### WHAT TO WORK ON:
Output, word for word, the lines of this listing that fall between the line with "AK license plate GPE401" and the line with "Smart Plugs Settings", counting both of those lines, and no others.

### INPUT FOR THIS TASK:

==================================================

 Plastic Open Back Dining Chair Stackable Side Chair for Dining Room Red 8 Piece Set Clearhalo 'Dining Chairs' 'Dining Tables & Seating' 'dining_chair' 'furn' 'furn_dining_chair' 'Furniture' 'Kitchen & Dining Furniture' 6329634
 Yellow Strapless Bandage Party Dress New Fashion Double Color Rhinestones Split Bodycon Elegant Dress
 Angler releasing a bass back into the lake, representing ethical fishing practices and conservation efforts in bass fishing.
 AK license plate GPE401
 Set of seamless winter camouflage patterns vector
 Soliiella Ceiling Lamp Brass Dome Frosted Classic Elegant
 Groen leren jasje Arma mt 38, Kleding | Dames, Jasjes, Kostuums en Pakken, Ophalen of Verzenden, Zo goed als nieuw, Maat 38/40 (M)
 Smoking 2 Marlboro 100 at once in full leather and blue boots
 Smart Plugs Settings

==================================================

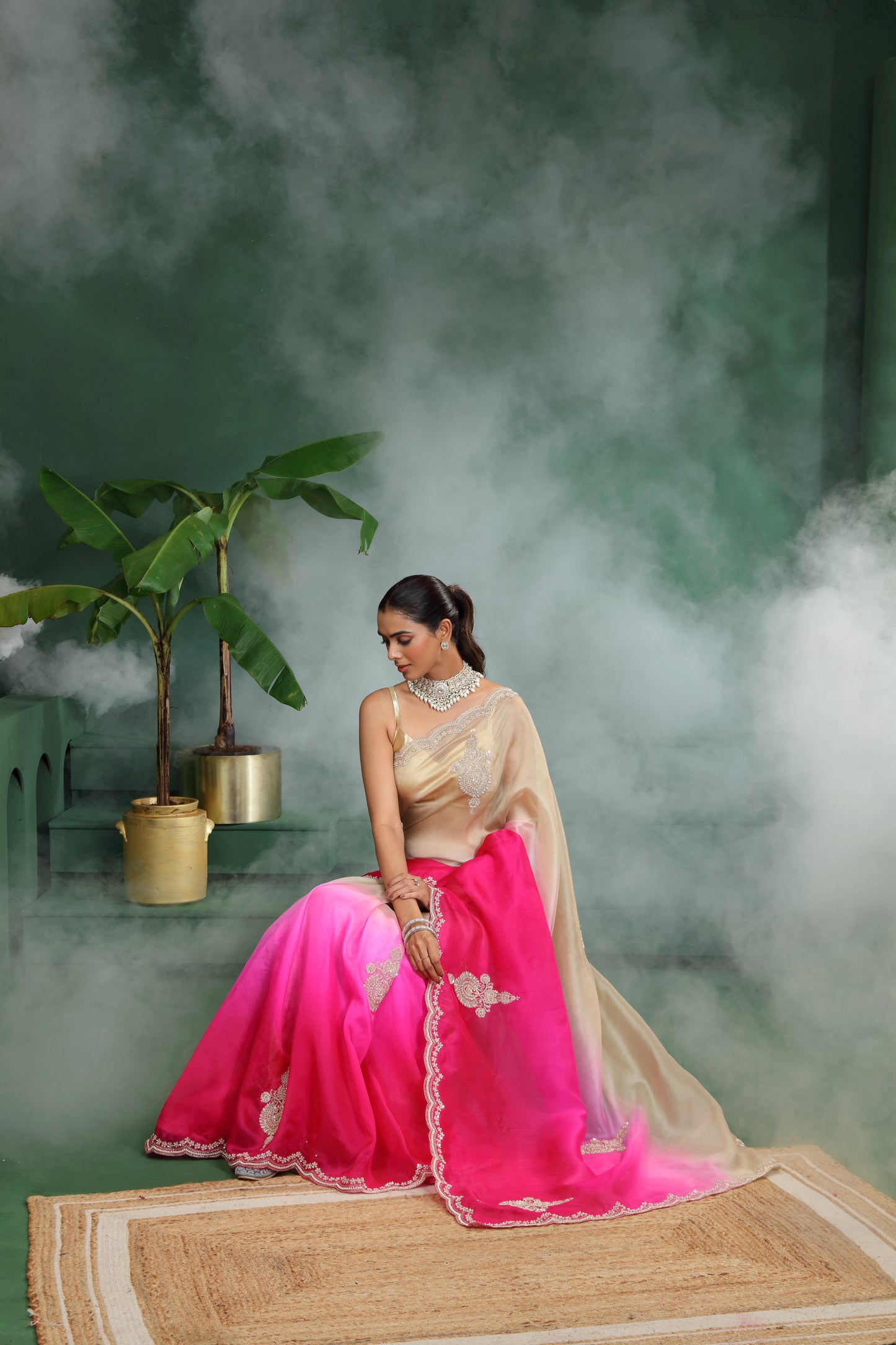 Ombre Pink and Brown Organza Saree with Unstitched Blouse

==================================================

### SOLUTION TO THE PROBLEM:
 AK license plate GPE401
 Set of seamless winter camouflage patterns vector
 Soliiella Ceiling Lamp Brass Dome Frosted Classic Elegant
 Groen leren jasje Arma mt 38, Kleding | Dames, Jasjes, Kostuums en Pakken, Ophalen of Verzenden, Zo goed als nieuw, Maat 38/40 (M)
 Smoking 2 Marlboro 100 at once in full leather and blue boots
 Smart Plugs Settings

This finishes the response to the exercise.